Evviva Dario Fo, Robert De Niro ed Elio (e le Storie tese). Che cosa li accomuna? Sono gli unici, dal 1946 a oggi, ad aver rifiutato l’Ambrogino d’oro, l’onorificenza che Milano assegna ogni anno nel giorno di Sant’Ambrogio, patrono della città. Anche stavolta si arriva al 7 dicembre con una dose massiccia di polemiche: per aver inserito tra i premiati il comico “di destra” Andrea Baccan (in arte Pucci) e per le dichiarazioni del sindaco Giuseppe Sala, che ha accusato il Consiglio comunale di aver fatto per gli Ambrogini “scelte clientelari”. Questa volta ha ragione: le 21 medaglie d’oro e i 20 attestati di civica benemerenza sono assegnati dai partiti con il bilancino della lottizzazione: Fratelli d’Italia premia Pucci, il Pd risponde con l’astrofisica Amalia Ercoli-Finzi.

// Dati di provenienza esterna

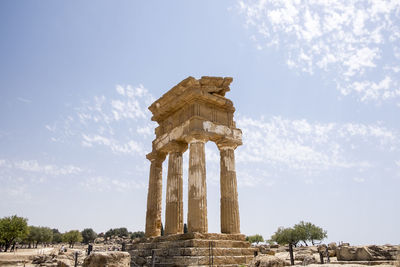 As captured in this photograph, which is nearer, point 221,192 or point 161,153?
point 221,192

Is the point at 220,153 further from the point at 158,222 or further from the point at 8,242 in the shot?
the point at 8,242

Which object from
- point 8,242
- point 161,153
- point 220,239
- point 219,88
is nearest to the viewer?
point 220,239

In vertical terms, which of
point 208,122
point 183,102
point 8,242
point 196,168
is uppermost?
point 183,102

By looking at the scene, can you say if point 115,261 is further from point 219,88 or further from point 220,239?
point 219,88

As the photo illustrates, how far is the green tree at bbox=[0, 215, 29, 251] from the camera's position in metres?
47.7

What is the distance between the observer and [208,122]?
15.3m

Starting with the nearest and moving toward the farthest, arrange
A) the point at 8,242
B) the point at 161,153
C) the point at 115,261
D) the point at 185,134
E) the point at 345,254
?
1. the point at 115,261
2. the point at 345,254
3. the point at 185,134
4. the point at 161,153
5. the point at 8,242

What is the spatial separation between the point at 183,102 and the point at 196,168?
13.4ft

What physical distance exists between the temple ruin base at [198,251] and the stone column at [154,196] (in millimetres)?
2637

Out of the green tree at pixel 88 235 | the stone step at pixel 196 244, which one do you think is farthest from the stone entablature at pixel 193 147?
the green tree at pixel 88 235

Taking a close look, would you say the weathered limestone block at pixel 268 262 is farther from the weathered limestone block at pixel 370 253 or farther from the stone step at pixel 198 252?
the weathered limestone block at pixel 370 253

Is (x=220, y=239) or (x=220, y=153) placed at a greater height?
(x=220, y=153)

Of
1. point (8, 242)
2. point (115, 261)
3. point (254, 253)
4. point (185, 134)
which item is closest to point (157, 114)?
point (185, 134)

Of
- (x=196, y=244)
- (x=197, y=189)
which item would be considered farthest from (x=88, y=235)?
(x=196, y=244) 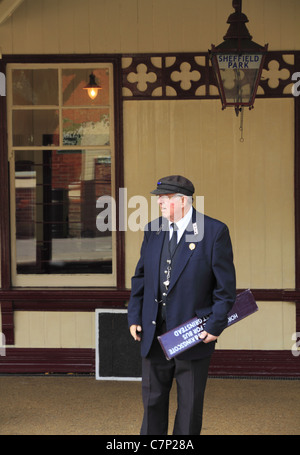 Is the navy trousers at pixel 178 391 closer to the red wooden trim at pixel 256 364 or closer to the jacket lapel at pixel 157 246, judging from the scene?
the jacket lapel at pixel 157 246

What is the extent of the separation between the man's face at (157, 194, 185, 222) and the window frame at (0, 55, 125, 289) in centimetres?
260

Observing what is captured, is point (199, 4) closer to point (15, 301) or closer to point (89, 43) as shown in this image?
point (89, 43)

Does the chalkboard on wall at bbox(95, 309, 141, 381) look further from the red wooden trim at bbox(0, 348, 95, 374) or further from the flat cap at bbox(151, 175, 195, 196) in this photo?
the flat cap at bbox(151, 175, 195, 196)

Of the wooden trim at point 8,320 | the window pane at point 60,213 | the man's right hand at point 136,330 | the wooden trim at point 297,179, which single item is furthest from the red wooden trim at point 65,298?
the man's right hand at point 136,330

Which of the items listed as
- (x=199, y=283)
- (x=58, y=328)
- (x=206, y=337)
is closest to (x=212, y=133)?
(x=58, y=328)

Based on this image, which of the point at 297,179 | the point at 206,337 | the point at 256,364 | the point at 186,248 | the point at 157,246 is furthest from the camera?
the point at 256,364

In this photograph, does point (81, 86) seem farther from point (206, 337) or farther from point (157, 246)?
point (206, 337)

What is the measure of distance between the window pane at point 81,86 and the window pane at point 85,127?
0.25 feet

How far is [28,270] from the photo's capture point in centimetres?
737

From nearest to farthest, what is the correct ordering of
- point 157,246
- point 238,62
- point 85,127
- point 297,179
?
point 157,246
point 238,62
point 297,179
point 85,127

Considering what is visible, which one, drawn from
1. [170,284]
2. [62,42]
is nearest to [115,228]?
[62,42]

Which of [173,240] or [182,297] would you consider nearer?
[182,297]

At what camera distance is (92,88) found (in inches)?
284

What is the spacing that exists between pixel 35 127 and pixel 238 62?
A: 7.57ft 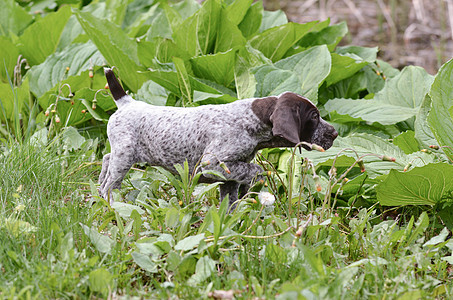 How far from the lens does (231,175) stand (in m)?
2.41

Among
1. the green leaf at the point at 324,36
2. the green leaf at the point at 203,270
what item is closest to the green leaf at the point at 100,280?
the green leaf at the point at 203,270

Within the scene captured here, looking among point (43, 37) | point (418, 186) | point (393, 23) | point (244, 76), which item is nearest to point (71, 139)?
point (244, 76)

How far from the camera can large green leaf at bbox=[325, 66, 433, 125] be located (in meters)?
3.61

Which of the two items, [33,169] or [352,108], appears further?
[352,108]

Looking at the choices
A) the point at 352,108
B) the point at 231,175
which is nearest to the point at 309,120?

Le candidature iniziali erano esilaranti: Forza Italia aveva proposto Toto Cutugno, la Lega Tony Renis, Alessandro Sallusti e Pietro Senaldi (tutti purtroppo rimasti fuori dall’elenco finale). Ogni anno è la stessa storia: nel 2019, due Ambrogini alla memoria erano stati assegnati, con par condicio giudiziaria, a Francesco Saverio Borrelli e a Filippo Penati, al magistrato di Mani pulite e al politico a lungo indagato (e alfine prescritto). La lottizzazione dei premi per i vivi si è intanto allargata alla lottizzazione dei morti: anche al Famedio milanese degli uomini illustri si viene iscritti per trattativa politica e scambio di figurine: tu mi dai un Silvio Berlusconi e io ti concedo due donne partigiane (Gisella Floreanini e Francesca Laura Wronowski). Dario Fo si era sottratto al gioco degli Ambrogini nel 1997, quando sindaco era Gabriele Albertini. Aveva rifiutato la medaglia dichiarando che la giunta di Milano era “incivile”: “Mentre mi arrivavano auguri da tutto il mondo per il Nobel, le autorità cittadine di Milano mi aggredivano e insultavano”. De Niro fece invece il gran rifiuto nel 2004, arrivando al teatro Manzoni, dove quell’anno si distribuivano le medaglie, con 40 minuti di ritardo, quando il sindaco Albertini se n’era già andato.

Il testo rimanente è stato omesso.